***** TASK MATERIAL

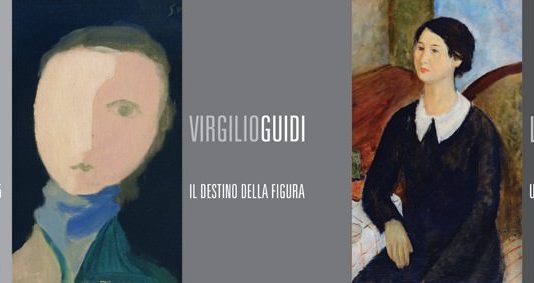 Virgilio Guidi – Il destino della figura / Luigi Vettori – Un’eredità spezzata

**********
***** TASK MATERIAL

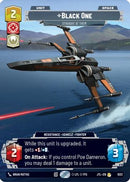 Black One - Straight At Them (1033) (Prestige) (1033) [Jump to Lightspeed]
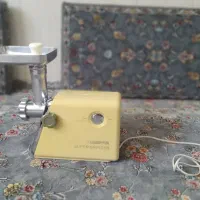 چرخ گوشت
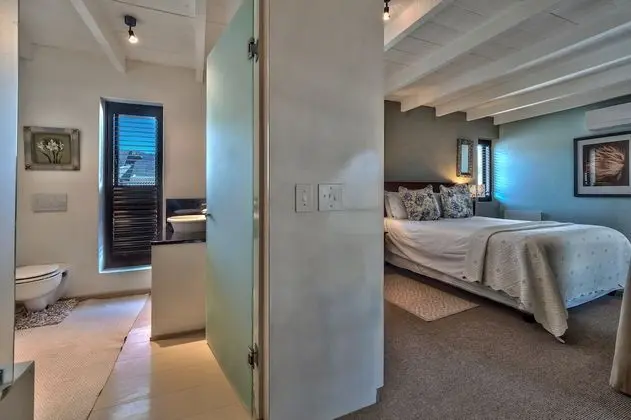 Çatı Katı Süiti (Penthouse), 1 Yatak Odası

**********

**EXERCISE GOAL**
Output only the lines above from the line that holds "Black One - Straight" through the line that holds "Çatı Katı Süiti (Penthouse), 1 Yatak Odası", both ends included, and exclude pictures.

**EXPECTED OUTPUT**
 Black One - Straight At Them (1033) (Prestige) (1033) [Jump to Lightspeed]
 چرخ گوشت
 Çatı Katı Süiti (Penthouse), 1 Yatak Odası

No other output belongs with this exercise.